Este debate ha generado dos maneras de ver lo social, lo político y lo cultural: el mestizaje social frente a la identidad inamovible; la democracia directa en lo político frente al monismo ideológico; y la diversidad cultural a la identidad del ser. Lo nacional y nacionalista se ha nutrido siempre de un sistema de creencias monista; de ahí que las religiones monoteístas patriarcales siempre se han acoplado muy satisfactoriamente a estos regímenes como el acontecido durante la dictadura fascista: el nacional catolicismo español como el desarrollado en Euskal Herria con el nacionalismo católico vasco.

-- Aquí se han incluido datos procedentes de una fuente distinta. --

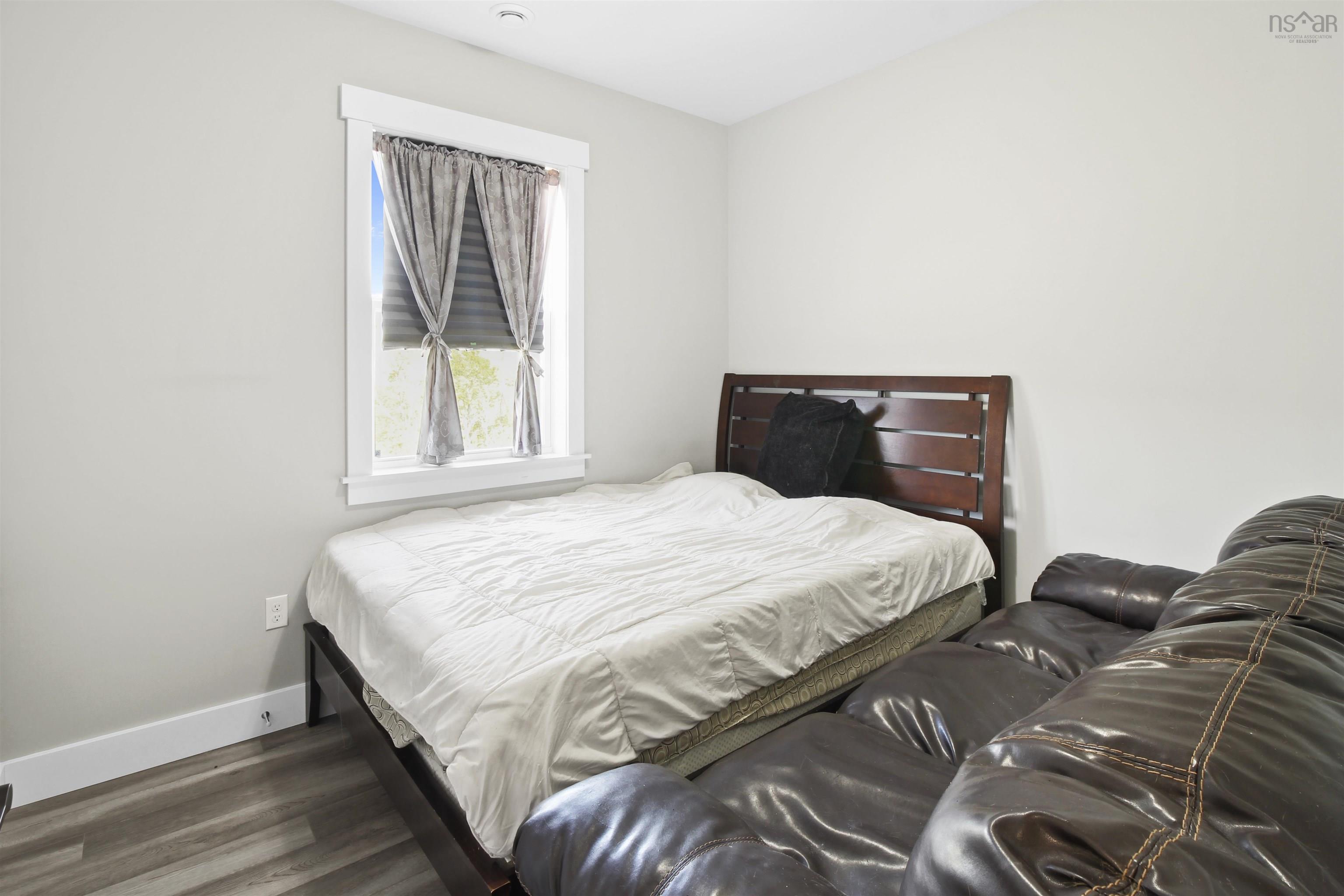 $449,900.00: 9 Perry Crescent, Stewiacke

Lo republicano actualmente se levanta sobre los principios de respeto a las diferencias, dejando a la ciudadanía siempre el derecho a decidir y elegir en qué creer y cómo sentirse en su identidad. Este republicanismo emanado de las luchas sociales de los siglos XIX y XX es el que puede permitir una mayor cohesión social hundiendo sus raíces en el regazo de la Declaración Universal de los Derechos Humanos.

La historia la hacemos los humanos, no se nos impone como un destino inapelable. Los derechos de los ciudadanos se alzan legítimamente sobre ese concepto fantasma como es nación. La tercera república está al llegar.